§ Work order: The records follow. Copy each one exactly.

Records from a dataset
BEGIN

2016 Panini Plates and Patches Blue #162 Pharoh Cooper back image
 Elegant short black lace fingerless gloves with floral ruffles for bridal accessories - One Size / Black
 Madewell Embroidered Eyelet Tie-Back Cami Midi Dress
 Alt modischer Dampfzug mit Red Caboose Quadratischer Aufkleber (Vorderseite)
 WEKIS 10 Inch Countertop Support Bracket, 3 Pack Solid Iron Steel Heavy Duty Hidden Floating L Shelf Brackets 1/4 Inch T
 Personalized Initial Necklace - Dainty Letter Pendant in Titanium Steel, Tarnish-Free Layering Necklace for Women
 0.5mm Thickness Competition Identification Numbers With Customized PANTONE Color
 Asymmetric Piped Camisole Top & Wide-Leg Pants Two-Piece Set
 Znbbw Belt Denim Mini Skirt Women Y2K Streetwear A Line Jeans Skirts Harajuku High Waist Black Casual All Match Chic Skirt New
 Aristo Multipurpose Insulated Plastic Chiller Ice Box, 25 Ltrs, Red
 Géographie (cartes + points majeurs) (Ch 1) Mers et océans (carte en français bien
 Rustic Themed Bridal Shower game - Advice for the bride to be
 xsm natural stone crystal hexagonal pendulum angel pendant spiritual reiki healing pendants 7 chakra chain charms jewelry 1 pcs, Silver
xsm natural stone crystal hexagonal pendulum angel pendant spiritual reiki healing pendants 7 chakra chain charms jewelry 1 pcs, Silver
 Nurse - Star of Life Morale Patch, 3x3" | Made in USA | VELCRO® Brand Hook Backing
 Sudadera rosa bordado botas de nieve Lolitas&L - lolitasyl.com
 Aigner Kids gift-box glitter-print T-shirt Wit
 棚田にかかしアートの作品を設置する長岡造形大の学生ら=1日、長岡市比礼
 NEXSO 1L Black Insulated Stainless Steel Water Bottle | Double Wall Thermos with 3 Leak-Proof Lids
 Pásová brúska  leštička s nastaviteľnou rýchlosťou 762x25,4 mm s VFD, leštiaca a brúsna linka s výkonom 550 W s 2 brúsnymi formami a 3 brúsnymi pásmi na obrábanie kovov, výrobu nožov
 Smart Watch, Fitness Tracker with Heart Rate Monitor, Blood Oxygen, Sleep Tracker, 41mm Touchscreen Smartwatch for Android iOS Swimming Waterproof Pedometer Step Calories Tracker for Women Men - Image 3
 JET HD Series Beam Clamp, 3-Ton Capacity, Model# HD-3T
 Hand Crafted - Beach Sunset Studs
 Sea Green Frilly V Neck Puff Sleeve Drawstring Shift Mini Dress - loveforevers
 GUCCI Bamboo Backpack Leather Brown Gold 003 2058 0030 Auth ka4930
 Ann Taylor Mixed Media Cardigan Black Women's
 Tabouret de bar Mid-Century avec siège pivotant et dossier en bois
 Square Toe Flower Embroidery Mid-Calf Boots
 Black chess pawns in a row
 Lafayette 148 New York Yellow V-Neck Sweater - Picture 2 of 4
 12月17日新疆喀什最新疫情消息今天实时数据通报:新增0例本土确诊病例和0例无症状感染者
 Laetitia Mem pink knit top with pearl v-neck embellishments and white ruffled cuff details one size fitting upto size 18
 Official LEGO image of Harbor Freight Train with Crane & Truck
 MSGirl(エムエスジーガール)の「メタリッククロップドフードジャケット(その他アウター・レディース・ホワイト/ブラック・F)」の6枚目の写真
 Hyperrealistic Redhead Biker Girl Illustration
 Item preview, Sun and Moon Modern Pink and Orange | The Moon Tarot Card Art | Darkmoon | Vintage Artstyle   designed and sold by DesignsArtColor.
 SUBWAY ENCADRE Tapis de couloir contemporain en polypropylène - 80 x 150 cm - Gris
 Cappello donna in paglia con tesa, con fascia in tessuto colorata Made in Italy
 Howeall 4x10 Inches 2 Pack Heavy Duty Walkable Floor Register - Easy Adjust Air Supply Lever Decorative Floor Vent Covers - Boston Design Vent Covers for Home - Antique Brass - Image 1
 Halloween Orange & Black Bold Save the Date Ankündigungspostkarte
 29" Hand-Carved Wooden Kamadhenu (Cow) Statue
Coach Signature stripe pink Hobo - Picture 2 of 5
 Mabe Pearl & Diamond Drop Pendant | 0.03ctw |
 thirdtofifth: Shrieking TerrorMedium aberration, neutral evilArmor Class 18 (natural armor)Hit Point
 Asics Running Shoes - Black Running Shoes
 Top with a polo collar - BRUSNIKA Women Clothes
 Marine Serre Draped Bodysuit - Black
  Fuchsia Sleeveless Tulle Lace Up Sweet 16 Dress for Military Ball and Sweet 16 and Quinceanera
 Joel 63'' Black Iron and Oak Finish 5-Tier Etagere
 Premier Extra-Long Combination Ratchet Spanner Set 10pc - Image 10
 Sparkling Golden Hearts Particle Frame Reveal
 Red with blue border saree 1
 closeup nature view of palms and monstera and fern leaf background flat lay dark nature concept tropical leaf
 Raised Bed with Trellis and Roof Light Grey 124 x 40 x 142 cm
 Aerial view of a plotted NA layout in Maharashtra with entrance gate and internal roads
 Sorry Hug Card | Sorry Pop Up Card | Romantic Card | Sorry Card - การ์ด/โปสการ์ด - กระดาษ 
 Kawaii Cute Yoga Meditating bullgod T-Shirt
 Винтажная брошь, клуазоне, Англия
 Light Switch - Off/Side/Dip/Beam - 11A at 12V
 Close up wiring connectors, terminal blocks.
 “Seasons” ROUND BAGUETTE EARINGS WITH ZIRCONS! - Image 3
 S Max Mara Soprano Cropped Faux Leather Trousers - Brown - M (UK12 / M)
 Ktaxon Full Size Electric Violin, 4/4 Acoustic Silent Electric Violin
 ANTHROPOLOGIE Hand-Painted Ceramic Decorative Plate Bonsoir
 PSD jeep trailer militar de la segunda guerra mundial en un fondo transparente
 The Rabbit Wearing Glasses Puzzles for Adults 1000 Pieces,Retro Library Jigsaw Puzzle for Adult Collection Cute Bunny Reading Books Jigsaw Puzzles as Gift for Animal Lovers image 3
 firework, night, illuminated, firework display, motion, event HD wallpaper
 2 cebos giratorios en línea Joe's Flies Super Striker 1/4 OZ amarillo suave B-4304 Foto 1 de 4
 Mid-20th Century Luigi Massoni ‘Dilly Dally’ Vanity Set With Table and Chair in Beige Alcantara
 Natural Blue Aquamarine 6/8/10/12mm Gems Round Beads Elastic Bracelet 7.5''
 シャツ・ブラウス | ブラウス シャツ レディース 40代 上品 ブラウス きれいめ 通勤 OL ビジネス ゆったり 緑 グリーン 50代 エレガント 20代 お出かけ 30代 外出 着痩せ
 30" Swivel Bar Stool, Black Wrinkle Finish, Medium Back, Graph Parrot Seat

END

§ Response area:
2016 Panini Plates and Patches Blue #162 Pharoh Cooper back image
 Elegant short black lace fingerless gloves with floral ruffles for bridal accessories - One Size / Black
 Madewell Embroidered Eyelet Tie-Back Cami Midi Dress
 Alt modischer Dampfzug mit Red Caboose Quadratischer Aufkleber (Vorderseite)
 WEKIS 10 Inch Countertop Support Bracket, 3 Pack Solid Iron Steel Heavy Duty Hidden Floating L Shelf Brackets 1/4 Inch T
 Personalized Initial Necklace - Dainty Letter Pendant in Titanium Steel, Tarnish-Free Layering Necklace for Women
 0.5mm Thickness Competition Identification Numbers With Customized PANTONE Color
 Asymmetric Piped Camisole Top & Wide-Leg Pants Two-Piece Set
 Znbbw Belt Denim Mini Skirt Women Y2K Streetwear A Line Jeans Skirts Harajuku High Waist Black Casual All Match Chic Skirt New
 Aristo Multipurpose Insulated Plastic Chiller Ice Box, 25 Ltrs, Red
 Géographie (cartes + points majeurs) (Ch 1) Mers et océans (carte en français bien
 Rustic Themed Bridal Shower game - Advice for the bride to be
 xsm natural stone crystal hexagonal pendulum angel pendant spiritual reiki healing pendants 7 chakra chain charms jewelry 1 pcs, Silver
xsm natural stone crystal hexagonal pendulum angel pendant spiritual reiki healing pendants 7 chakra chain charms jewelry 1 pcs, Silver
 Nurse - Star of Life Morale Patch, 3x3" | Made in USA | VELCRO® Brand Hook Backing
 Sudadera rosa bordado botas de nieve Lolitas&L - lolitasyl.com
 Aigner Kids gift-box glitter-print T-shirt Wit
 棚田にかかしアートの作品を設置する長岡造形大の学生ら=1日、長岡市比礼
 NEXSO 1L Black Insulated Stainless Steel Water Bottle | Double Wall Thermos with 3 Leak-Proof Lids
 Pásová brúska  leštička s nastaviteľnou rýchlosťou 762x25,4 mm s VFD, leštiaca a brúsna linka s výkonom 550 W s 2 brúsnymi formami a 3 brúsnymi pásmi na obrábanie kovov, výrobu nožov
 Smart Watch, Fitness Tracker with Heart Rate Monitor, Blood Oxygen, Sleep Tracker, 41mm Touchscreen Smartwatch for Android iOS Swimming Waterproof Pedometer Step Calories Tracker for Women Men - Image 3
 JET HD Series Beam Clamp, 3-Ton Capacity, Model# HD-3T
 Hand Crafted - Beach Sunset Studs
 Sea Green Frilly V Neck Puff Sleeve Drawstring Shift Mini Dress - loveforevers
 GUCCI Bamboo Backpack Leather Brown Gold 003 2058 0030 Auth ka4930
 Ann Taylor Mixed Media Cardigan Black Women's
 Tabouret de bar Mid-Century avec siège pivotant et dossier en bois
 Square Toe Flower Embroidery Mid-Calf Boots
 Black chess pawns in a row
 Lafayette 148 New York Yellow V-Neck Sweater - Picture 2 of 4
 12月17日新疆喀什最新疫情消息今天实时数据通报:新增0例本土确诊病例和0例无症状感染者
 Laetitia Mem pink knit top with pearl v-neck embellishments and white ruffled cuff details one size fitting upto size 18
 Official LEGO image of Harbor Freight Train with Crane & Truck
 MSGirl(エムエスジーガール)の「メタリッククロップドフードジャケット(その他アウター・レディース・ホワイト/ブラック・F)」の6枚目の写真
 Hyperrealistic Redhead Biker Girl Illustration
 Item preview, Sun and Moon Modern Pink and Orange | The Moon Tarot Card Art | Darkmoon | Vintage Artstyle   designed and sold by DesignsArtColor.
 SUBWAY ENCADRE Tapis de couloir contemporain en polypropylène - 80 x 150 cm - Gris
 Cappello donna in paglia con tesa, con fascia in tessuto colorata Made in Italy
 Howeall 4x10 Inches 2 Pack Heavy Duty Walkable Floor Register - Easy Adjust Air Supply Lever Decorative Floor Vent Covers - Boston Design Vent Covers for Home - Antique Brass - Image 1
 Halloween Orange & Black Bold Save the Date Ankündigungspostkarte
 29" Hand-Carved Wooden Kamadhenu (Cow) Statue
Coach Signature stripe pink Hobo - Picture 2 of 5
 Mabe Pearl & Diamond Drop Pendant | 0.03ctw |
 thirdtofifth: Shrieking TerrorMedium aberration, neutral evilArmor Class 18 (natural armor)Hit Point
 Asics Running Shoes - Black Running Shoes
 Top with a polo collar - BRUSNIKA Women Clothes
 Marine Serre Draped Bodysuit - Black
  Fuchsia Sleeveless Tulle Lace Up Sweet 16 Dress for Military Ball and Sweet 16 and Quinceanera
 Joel 63'' Black Iron and Oak Finish 5-Tier Etagere
 Premier Extra-Long Combination Ratchet Spanner Set 10pc - Image 10
 Sparkling Golden Hearts Particle Frame Reveal
 Red with blue border saree 1
 closeup nature view of palms and monstera and fern leaf background flat lay dark nature concept tropical leaf
 Raised Bed with Trellis and Roof Light Grey 124 x 40 x 142 cm
 Aerial view of a plotted NA layout in Maharashtra with entrance gate and internal roads
 Sorry Hug Card | Sorry Pop Up Card | Romantic Card | Sorry Card - การ์ด/โปสการ์ด - กระดาษ 
 Kawaii Cute Yoga Meditating bullgod T-Shirt
 Винтажная брошь, клуазоне, Англия
 Light Switch - Off/Side/Dip/Beam - 11A at 12V
 Close up wiring connectors, terminal blocks.
 “Seasons” ROUND BAGUETTE EARINGS WITH ZIRCONS! - Image 3
 S Max Mara Soprano Cropped Faux Leather Trousers - Brown - M (UK12 / M)
 Ktaxon Full Size Electric Violin, 4/4 Acoustic Silent Electric Violin
 ANTHROPOLOGIE Hand-Painted Ceramic Decorative Plate Bonsoir
 PSD jeep trailer militar de la segunda guerra mundial en un fondo transparente
 The Rabbit Wearing Glasses Puzzles for Adults 1000 Pieces,Retro Library Jigsaw Puzzle for Adult Collection Cute Bunny Reading Books Jigsaw Puzzles as Gift for Animal Lovers image 3
 firework, night, illuminated, firework display, motion, event HD wallpaper
 2 cebos giratorios en línea Joe's Flies Super Striker 1/4 OZ amarillo suave B-4304 Foto 1 de 4
 Mid-20th Century Luigi Massoni ‘Dilly Dally’ Vanity Set With Table and Chair in Beige Alcantara
 Natural Blue Aquamarine 6/8/10/12mm Gems Round Beads Elastic Bracelet 7.5''
 シャツ・ブラウス | ブラウス シャツ レディース 40代 上品 ブラウス きれいめ 通勤 OL ビジネス ゆったり 緑 グリーン 50代 エレガント 20代 お出かけ 30代 外出 着痩せ
 30" Swivel Bar Stool, Black Wrinkle Finish, Medium Back, Graph Parrot Seat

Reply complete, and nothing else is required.